It’s to “Deep Rising’s” credit that it doesn’t try.
Big personalities
A group of bad guys, led by Wes Studi, aims to destroy a cruise ship, owned by Heald, as part of an insurance scam. Treat Williams’ smaller vessel carries the baddies out there, going by the philosophy wherein if they show him the cash, there will be no questions asked.
After a lavish shindig of rich people is wrecked by the first monster attack, “Deep Rising” narrows its focus. Femme fatale jewel thief Janssen trades flirty quips with Williams, who tries to be Han Solo but is more like Lone Star (which is totally right for this movie).
It’s Kevin J. O’Connor, though, who steals the show from the ensemble of Type A personalities with his whiny voice; Sommers gives him all the one-liners, and they always land. I also dig that he’s not a total loser; he (for some reason) has a hot girlfriend, a fellow crew member played by Una Damon.
Monsters and machine guns
The personalities in place, “Deep Rising” becomes Monsters vs. Machine Guns. In one scene, Studi’s crew unleashes a hail of bullets on an empty room just cuz they’re having fun using the weapons.
The individual tentacle monsters and the end boss are designed by “The Thing’s” Rob Bottin. While a slight knock is in order because these are 1990s CGI effects, the attacks and kills are crisply staged. A highlight comes when the team shoots up a tentacle and their partially drunk (drank? drunken? drinked? dranken?) colleague tumbles out.

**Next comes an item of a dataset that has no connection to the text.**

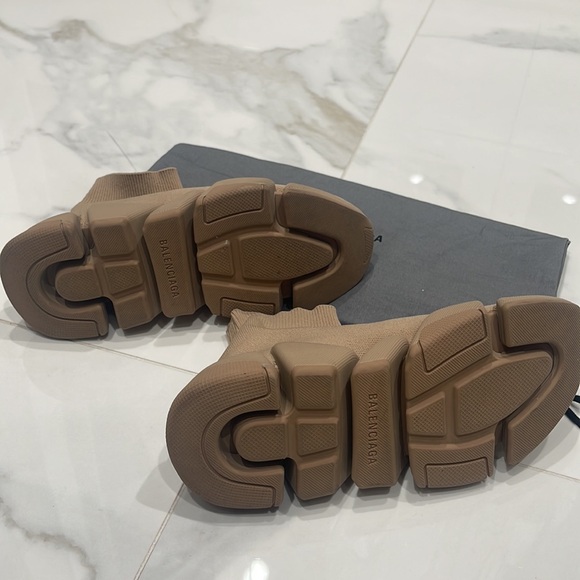 Authentic BALENCIAGA 2.0 speed light knit high top sneakers in size 36 - Picture 4 of 4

Oddly, that image – as well as a ship’s hold full of bloody skeletons – has a comical tinge. It’s fair to call “Deep Rising” a horror flick, but it’s not scary. It’s aimed at people who are familiar with this narrative structure but are happy to wring fun out of it rather than fear.
Tonally, there aren’t many films quite like “Deep Rising.” Sommers’ only aim is to entertain us, and because that aim is so one-dimensionally obvious, we don’t have to deal with the pseudo-smart parts of a spectacle movie. “Deep Rising” is about ridiculous monsters attacking ridiculous people with ridiculous guns. In this case, that’s enough.